Data used in the preparation of this article were obtained from the Alzheimers Disease Neuroimaging Initiative (ADNI) database (adni.loni.usc.edu). The ADNI was launched in 2003 as a public-private partnership, led by Principal Investigator Michael W. Weiner, MD. The primary goal of ADNI has been to test whether serial magnetic resonance imaging (MRI), positron emission tomography (PET), other biological markers, and clinical and neuropsychological assessment can be combined to measure the progression of mild cognitive impairment (MCI) and early Alzheimers disease (AD).

The analysis we performed is based on data acquired from 340 participants from ADNI GO/2, for whom both genetic and PET data were available. [18F]Florbetapir PET imaging was employed to assess brain amyloid-*β* (A*β*) protein load using PET standardised uptake value ratios (SUVR) in 96 brain regions. These 96 A*β* levels represent the phenotypes of interest in our analysis. Association with diagnosis (Alzheimer versus others) was investigated. Phenotypes were adjusted for gender, age and education level directly within the PCEV framework.

## 3 Results

### 3.1 Simulation study

As one can see in Figure 1, Type I error for PCEV is well controlled and is not influenced by the number of variables nor by the correlation between outcomes. Here we have used the Wilks’ test for the classical PCEV, and performance is as expected even when the number of responses is as large as 400. Supplementary Table S1 shows that the Type I error for Wilks’ test is also well controlled at significance levels as low as 10^{-4}.
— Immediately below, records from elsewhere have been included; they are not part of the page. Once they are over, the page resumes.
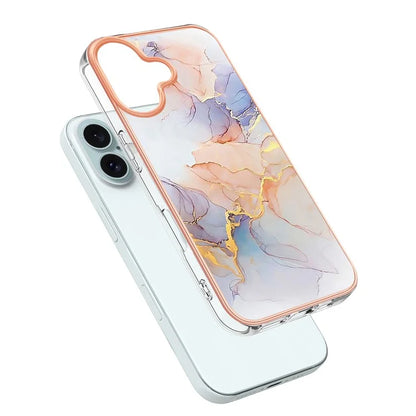 YB IMD Series-16 Style-E For iPhone 16 Plus Case IMD Marble Flower Pattern TPU Phone Cover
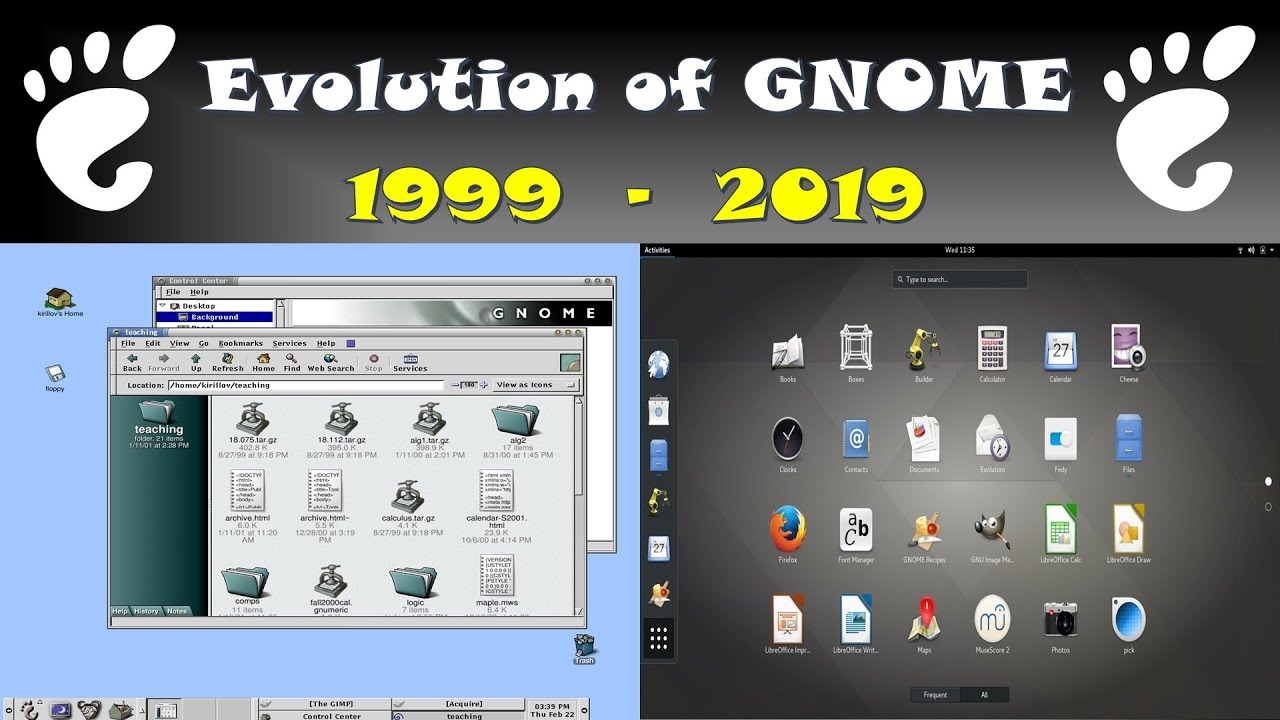 Evolution of GNOME from 1.0 to 3.34 (1999 - 2019)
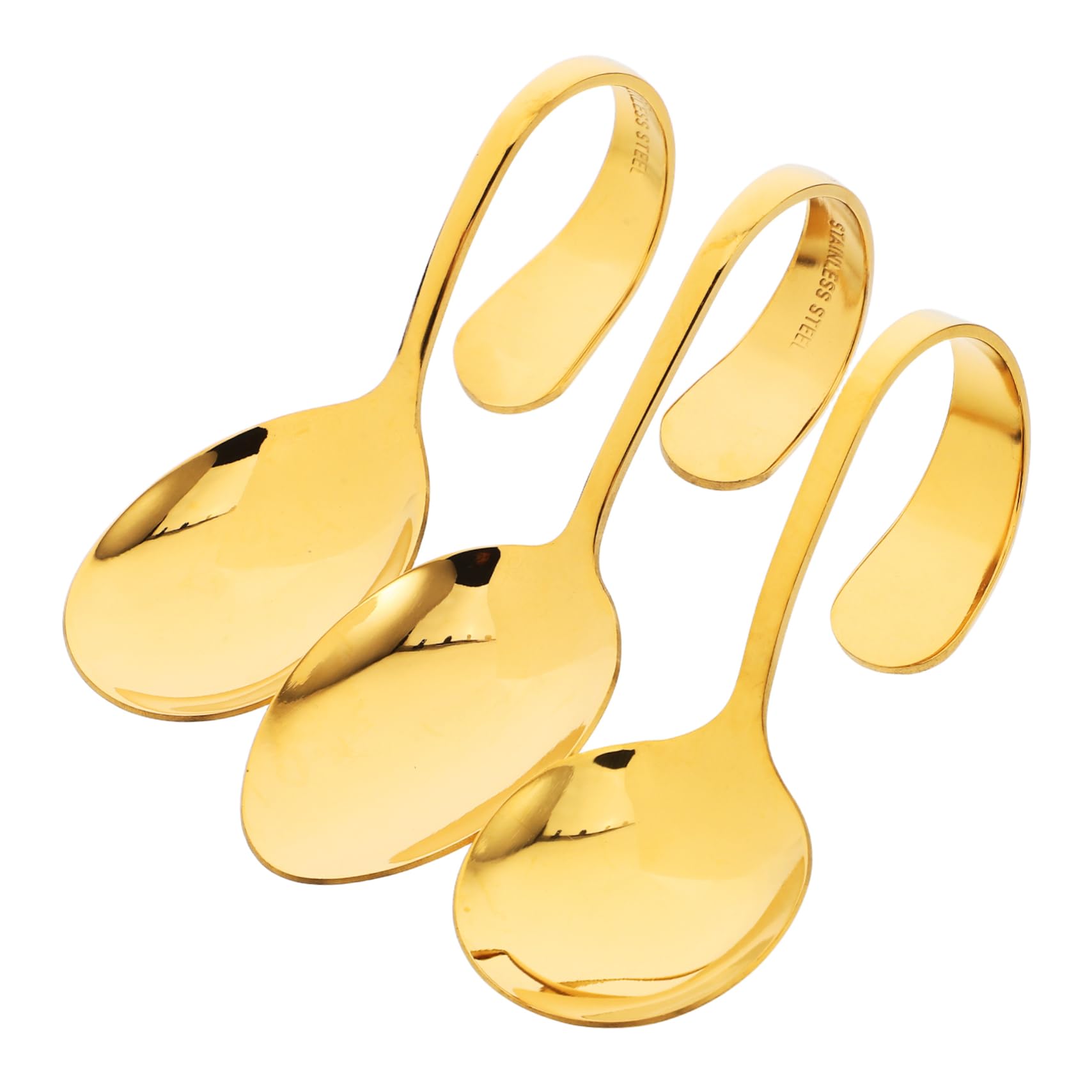 PRETYZOOM 3Pcs Stainless Steel Serving Spoon with Curved Handles Elegant Utensils for Seafood Sushi and Salad Ergonomic Design for Buffets and Parties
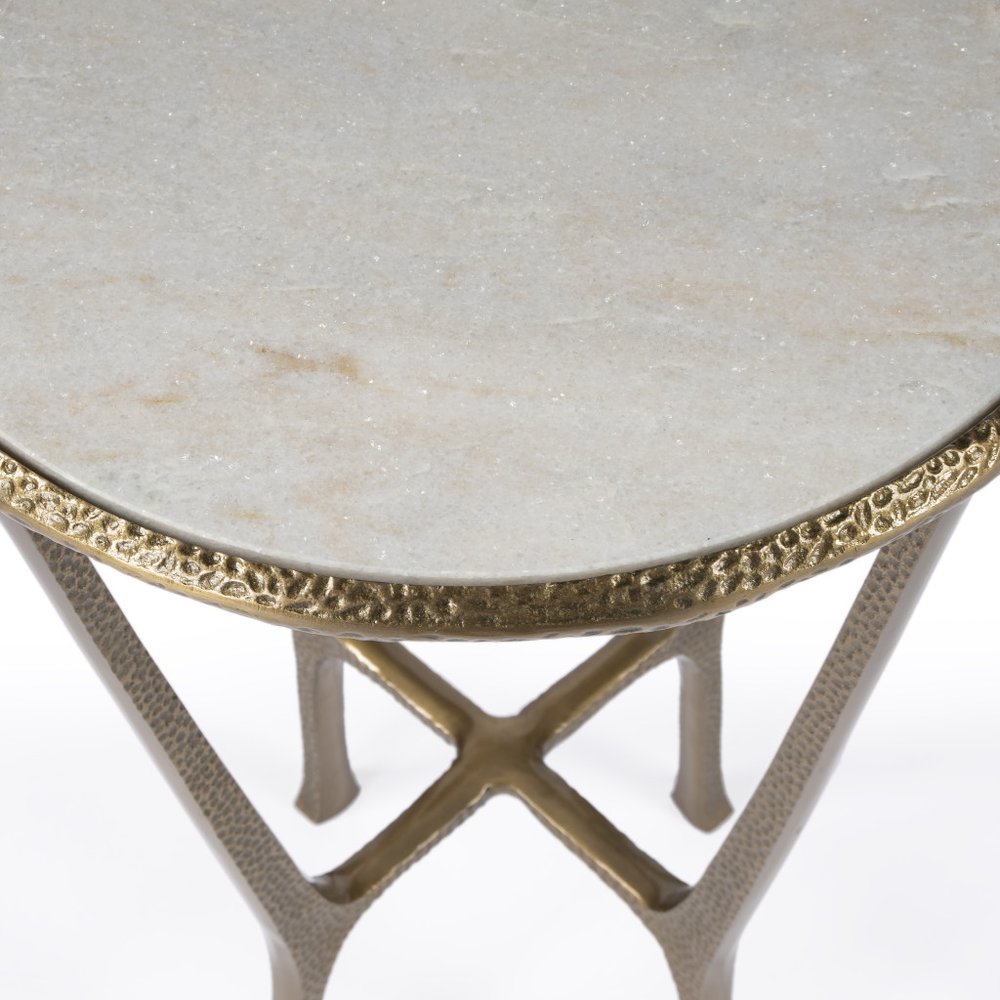 23" White and Gold Distressed Marble and Aluminum Round End Table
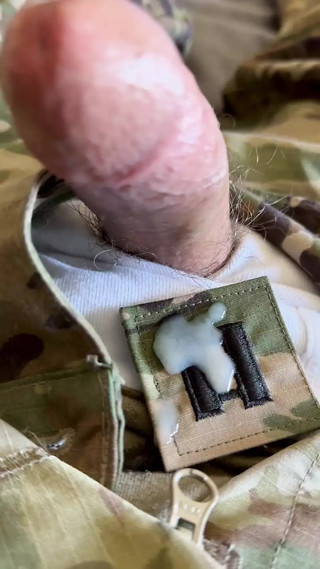 snuck the rank off my commander's OCP and shot a load of cum on it!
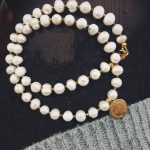 Ancient Maya disk natural pearls pendant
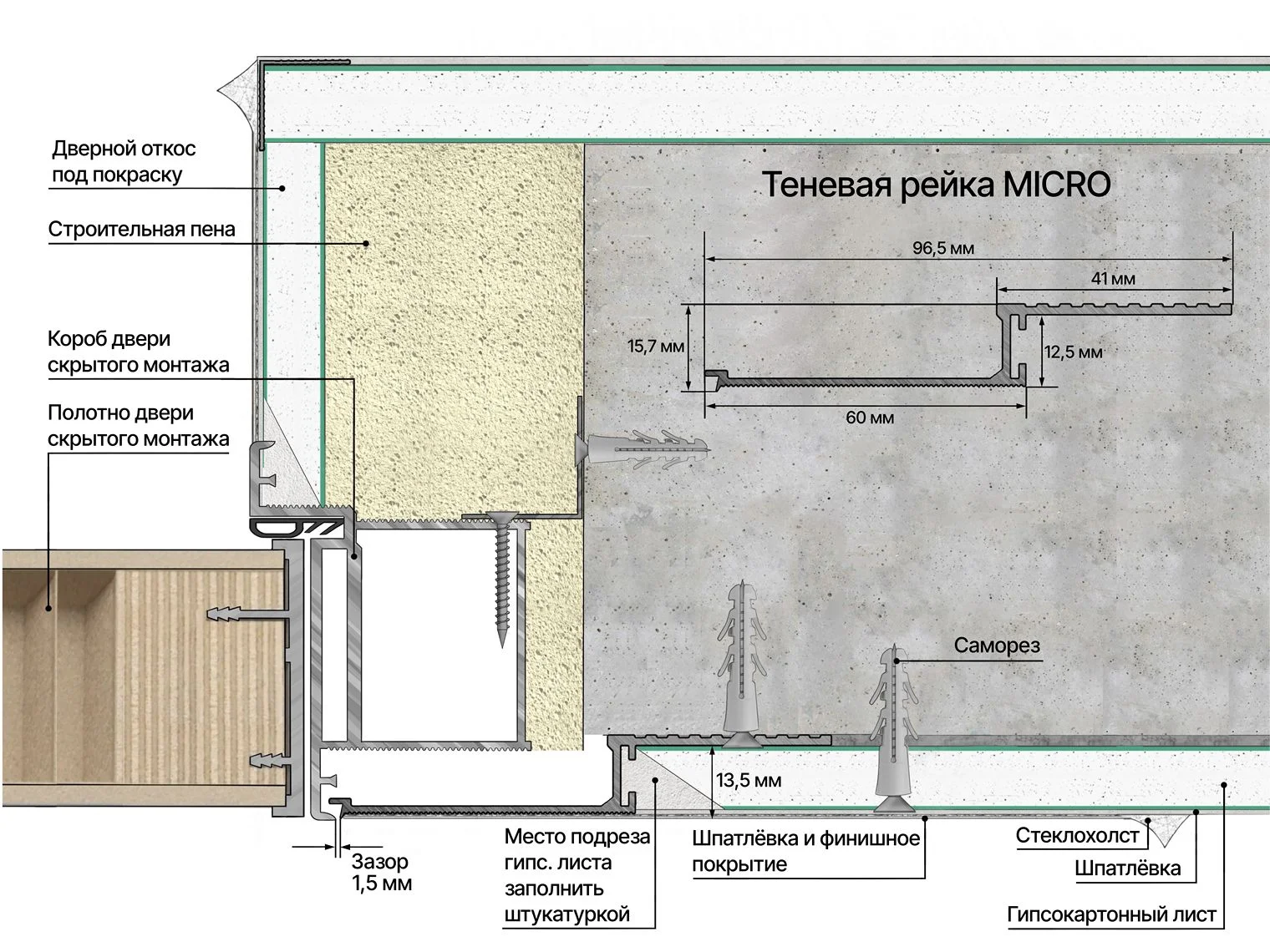 Отделка стен и потолка Теневая рейка micro 1М (скрытый наличник) Laconistiq Черный МУАР RAL9005 (краска только на лиц. части)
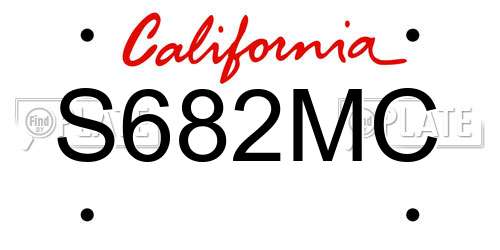 S682MC California License Plate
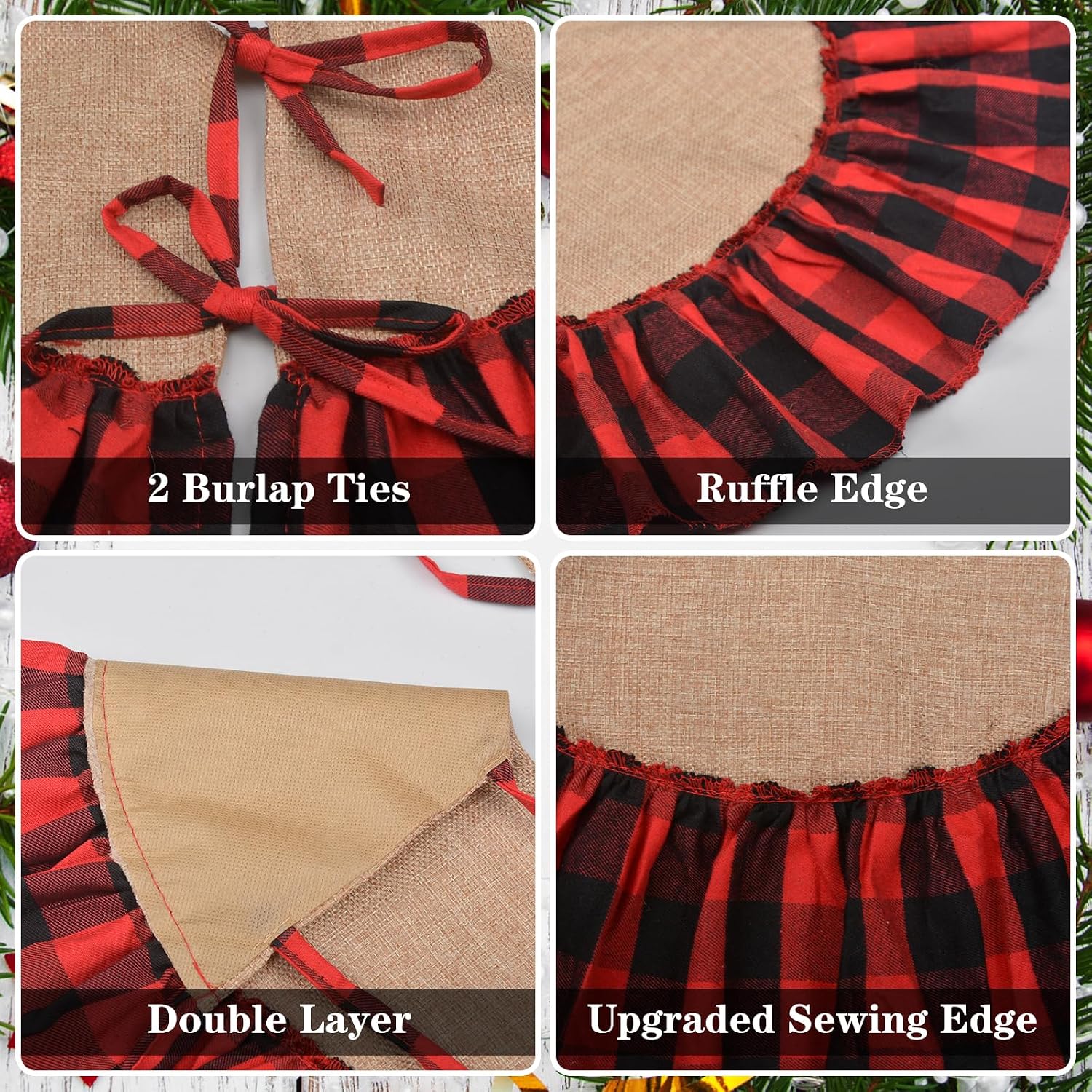 Mini Buffalo Plaid Burlap Tree Skirt with Red and Black Ruffle, 24 inch Small Red Black Gingham Chrismtas Tree Skirt, Rustic Farmhouse Christmas Tree Decorations for Tabletop Tree, Xmas Tree Mat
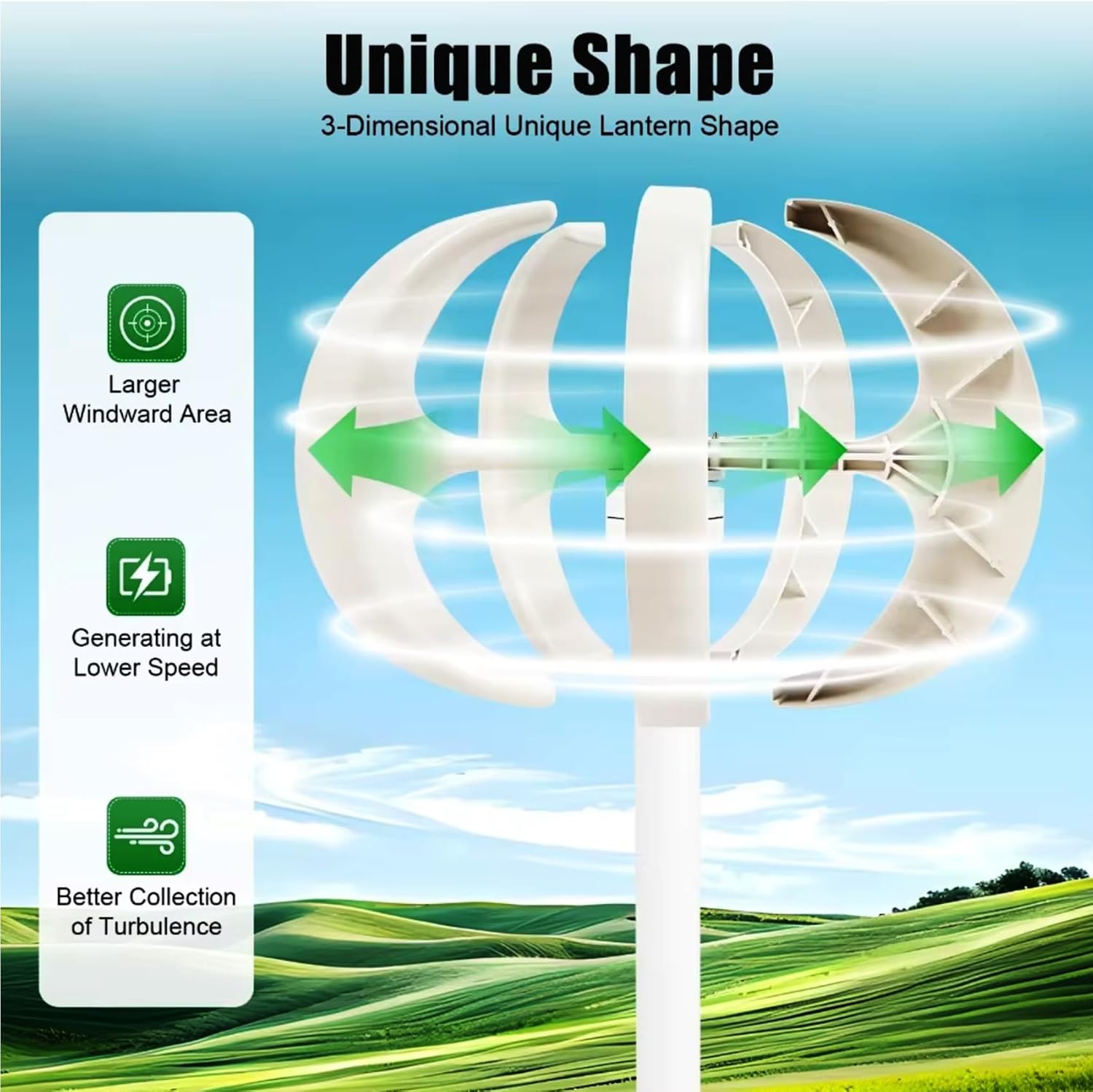 12V-220V Vertical Wind Turbine Generator+ 5000W Windmill RV Yacht Farm Small Wind Generator Home Use Windmill Free Energy(White)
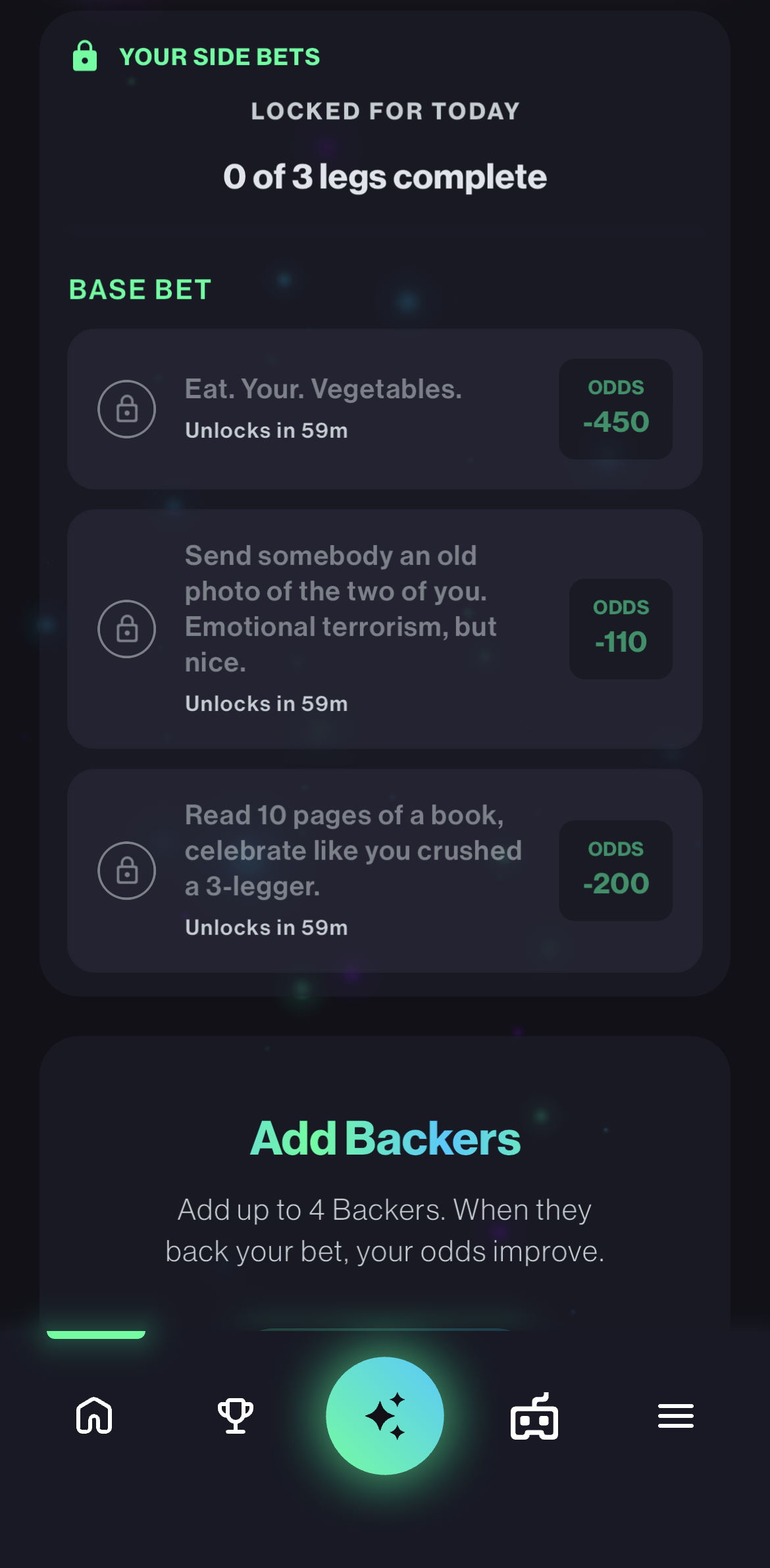 Locked daily side bets screen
Figures 2, 3, and 4 illustrate the power of the PCEV, PCEV-block and PCR approaches in the next three simulated scenarios. In all cases, we observe that power of PCR is very low compared to the PCEV approaches. This is as expected, since PCR is not optimal with respect to identifying components maximally related to the covariate *X*. In all figures, it can also be seen that power increases with correlation between the outcomes. Such behaviour is also expected, since we can think of correlation as spreading out the signal across multiple outcomes, and it is therefore easier to detect it with the PCEV methods.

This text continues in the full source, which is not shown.